Just when we were hoping that the priest sex-abuse scandal was under control, we learn another dirty little secret from the Catholic Church.

In 1986, then-Bishop Daniel Cronin of Fall River suspends a priest following allegations of pedophilia in the 1960s and 70s.

Because the statute of limitations has expired, the district attorney cannot file charges. So the priest, Gilbert Simoes, moves to Falmouth and becomes a regular substitute teacher at Falmouth High School from 1989 to 1998.

In effect, Cronin and the Fall River Diocese wash their hands of Simoes. Doesn't the diocese, including Cronin's successor, Sean O'Malley, now archbishop of Boston, have a responsibility to the community in which Simoes lives?

O'Malley became bishop of Fall River in 1992, and was widely credited with resolving the James Porter pedophilia case. But from 1992 to 1998, O'Malley apparently did little to monitor Simoes, who was teaching Portuguese at Falmouth High.

Why didn't someone within the diocese monitor this priest and make sure he was not placed in a position where he could re-offend? He was not defrocked. He remains ordained, even though he is prohibited from performing priestly functions.

If the diocese could not keep track of him as a suspended priest, would it have been better to have placed him in a supervised position within the diocese in which he would not have had any contact with children?

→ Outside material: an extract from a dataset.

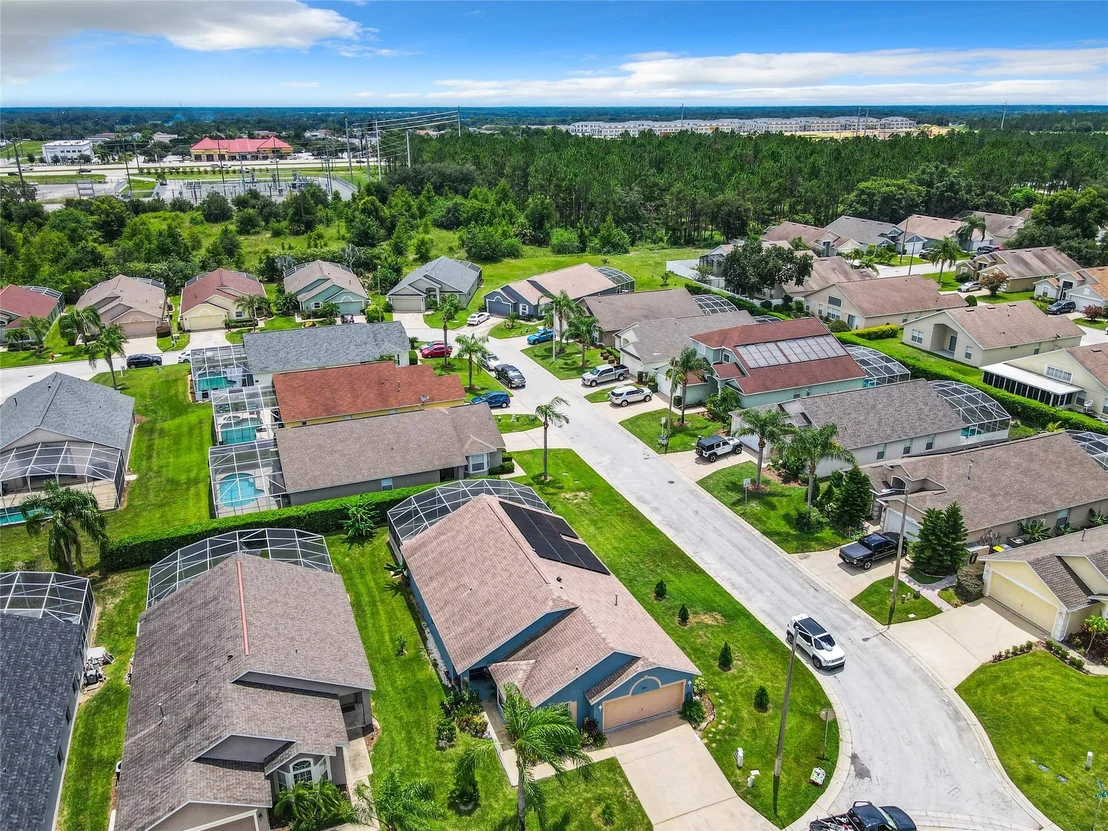Photo of 204 W Fox Loop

"Once we suspend him, we did not have the right to keep him under lock and key," said John Kearns, a spokesman for the diocese. Yes, but the diocese has the responsibility to supervise its priests, whether suspended or not, and protect the community from potential harm.

And once Simoes took the job at Falmouth High School, Kearns said, "he was under no obligation to report that to the diocese."

But the diocese was obliged to enroll him in a private treatment center for sexual offenders and then monitor him after his release.

Instead, the diocese basically lost track of an accused pedophile. Kearns said the diocese was unaware that he was teaching at Falmouth High. It's hard to believe that not one Cape priest, especially the priests assigned to Falmouth, was aware of Simoes' position at Falmouth High.

A couple years ago, the diocese appointed a liaison to keep track of suspended priests, something they should have done decades ago.

It's time for Bishop George Coleman, the current head of the Diocese of Fall River, to provide a full accounting of the relationship among Simoes and two other priests - the Rev. Bernard Kelly of Woods Hole and the Rev. Donald Turlick - in the public's case against Paul Nolin, who is accused of murdering 20-year-old Jonathan Wessner of Falmouth.